Las malas películas son soportables y hasta perdonables. Algunas de ellas llegan incluso a arrastrar una indigestión de premios entregados por mediocres e interesados, pero lo insoportable para cualquier crítico es una película aburrida. En una palabra, un suplicio que ni la más refinada de las cortesanas de Oman sería capaz de inventar.
Ahí tienen ustedes a Piratas del Caribe: en el fin del mundo, lo más pretenciosamente mediocre que ha lanzado el cine en los últimos años. Ni la presencia del guapo de turno, Johnny Depp, en un papelón de filibustero amanerado, permite un gesto de perdón.
El realizador Gore Verbinski -hay que citarlo, como a los toros malos- se cree surrealista inventivo, busca efectos dalinianos y no se mete con Fritz Lang de milagro.
Imaginen lo triste que son estos piratas que ni siquiera se emborrachan, aunque han logrado un taquillazo con los analfabetos profesionales del mundo entero.
Ya sabemos que Douglas Fairbank, Errol Flynn y hasta Marlon Brando, cuando surcaban los mares usaban el ron con los preceptos de la santa política correcta y se emborrachaban con lindas damiselas, no con histéricas salvadoras del mundo. Pero qué clase tenían (me he olvidado de Clark Gable y probablemente de tantos otros).
Llevo una temporada queriendo decirlo pero siempre temo que alguien me linche. Estoy hastiado de niños guapos, al estilo anglosajón, que quieren imponerse a un resto del mundo temeroso al cual se vilipendia imitando a esos micos que nos apabullan con músicas insípidas y modas absurdas.
Los valores occidentales tienen que ser los suyos. Europa ya no los tiene y los poquillos que le quedaban los está perdiendo con las tenebrosas historias climáticas de las que Bush habla muy serio cuando todos sabemos que nada le importan.
Pero el negocio es el negocio. Además, lanzar películas como las de esos repulsivos piratas cumple una función política: permiten que a la gente no les molesten las tres neuronas y media que les quedan, que los niños se vuelvan más tontos y que sus padres terminen por sucumbir a un infarto de fealdad moral.

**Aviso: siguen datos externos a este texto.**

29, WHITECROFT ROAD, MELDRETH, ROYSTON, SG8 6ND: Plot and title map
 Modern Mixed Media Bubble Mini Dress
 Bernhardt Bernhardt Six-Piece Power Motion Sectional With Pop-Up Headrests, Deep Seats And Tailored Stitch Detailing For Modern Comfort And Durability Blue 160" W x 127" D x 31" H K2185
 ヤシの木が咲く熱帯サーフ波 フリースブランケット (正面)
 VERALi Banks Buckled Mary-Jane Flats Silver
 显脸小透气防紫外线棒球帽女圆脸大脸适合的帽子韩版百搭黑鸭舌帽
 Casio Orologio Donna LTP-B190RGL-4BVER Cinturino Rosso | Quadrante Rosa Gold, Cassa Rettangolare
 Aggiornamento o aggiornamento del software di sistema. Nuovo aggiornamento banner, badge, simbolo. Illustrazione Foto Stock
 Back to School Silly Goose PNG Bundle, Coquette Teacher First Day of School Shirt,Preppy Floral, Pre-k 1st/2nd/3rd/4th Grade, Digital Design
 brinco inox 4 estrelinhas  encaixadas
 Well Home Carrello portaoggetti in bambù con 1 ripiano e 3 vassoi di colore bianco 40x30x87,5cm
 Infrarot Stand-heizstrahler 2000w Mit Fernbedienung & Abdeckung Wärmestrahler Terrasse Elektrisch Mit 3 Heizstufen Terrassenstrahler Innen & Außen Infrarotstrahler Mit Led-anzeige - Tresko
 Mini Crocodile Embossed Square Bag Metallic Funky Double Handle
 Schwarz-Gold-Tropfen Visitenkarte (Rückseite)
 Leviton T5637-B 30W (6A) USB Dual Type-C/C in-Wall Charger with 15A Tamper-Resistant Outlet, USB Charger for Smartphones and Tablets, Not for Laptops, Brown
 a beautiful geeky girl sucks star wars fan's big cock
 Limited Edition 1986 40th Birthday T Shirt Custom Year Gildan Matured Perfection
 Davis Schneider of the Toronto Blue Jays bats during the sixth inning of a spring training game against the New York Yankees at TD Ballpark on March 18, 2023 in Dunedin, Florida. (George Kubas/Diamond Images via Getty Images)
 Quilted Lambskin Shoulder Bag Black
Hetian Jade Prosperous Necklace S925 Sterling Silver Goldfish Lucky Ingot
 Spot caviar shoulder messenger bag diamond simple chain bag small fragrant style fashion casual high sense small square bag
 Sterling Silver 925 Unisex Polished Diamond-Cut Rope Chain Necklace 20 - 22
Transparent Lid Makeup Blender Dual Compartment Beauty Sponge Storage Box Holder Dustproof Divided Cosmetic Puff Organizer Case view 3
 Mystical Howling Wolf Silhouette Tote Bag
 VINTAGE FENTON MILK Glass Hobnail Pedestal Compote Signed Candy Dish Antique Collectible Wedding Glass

¿Imaginan lo que debe de ser la vida de un acomodador o de una acomodadora cuando les cae en desgracia una peliculita de estas, que incita al suicidio colectivo, a afiliarse a una secta de redentores bushianos, a comerse un bocadillo de calamares crudos o incluso a inmolarse en la puerta del cine aprovechando el momento en que el mecanismo abre y cierra las puertas de cristales?.
Un vaivén que podría incluso animar a las llamas a devorar, en un santiamén, al acomodador o acomodadora desesperados como si fueran esas palomitas purulentas por las que cobran un Potosí.
Anoche, cuando Johnny Deep me obligó a huir del cine faltando todavía media hora de proyección, me tropecé con una deliciosa acomodadora morena y gordita como a mí me encantan porque siempre me recuerdan a la adorable Marianne S gebrecht en Bagdad Café.
Me mostró mimosamente unos dientes blancos auténticos y masticadores y le sonreí pese al disgusto de la película. Comprendí que era una superviviente y que la suerte no la había obligado a andar con los piratas.
Estaba tan deprimido que ni se me ocurrió invitarla al BurgerKing que hay cerca del cine y donde suelo inmolarme cuando veo una mala película. Pero últimamente son tantas que ya me habría autodestruido.
La vida trae consigo a veces compensaciones. Frente a las payasadas de Johnny Depp, por la noche di en la televisión con la admirable película de Lasse Hasllstr m, She shipping news (Atando cabos), en la que Kevin Spacey cuenta lo mal que se siente en un mundo que no es el suyo como no es el de ninguno de nosotros.
Es un perdedor clásico, que sin un doblón en el bolsillo y con el cuerpo magullado por las bofetadas sin manos que da la vida encuentra una mediana felicidad en Terranova. (Cerca de esas tierras heladas hice yo una vez una escala de película yendo a La Habana).
Las cosas no acaban esplendorosamente para Kevin Spacey pero sí con un cuenco de esperanza, la que no tienen los piratas caribeños que un día u otro, y si el mundo cambia, perecerán de estupidez pura. Y una copita de esperanza es lo más a lo que hoy puede aspirarse.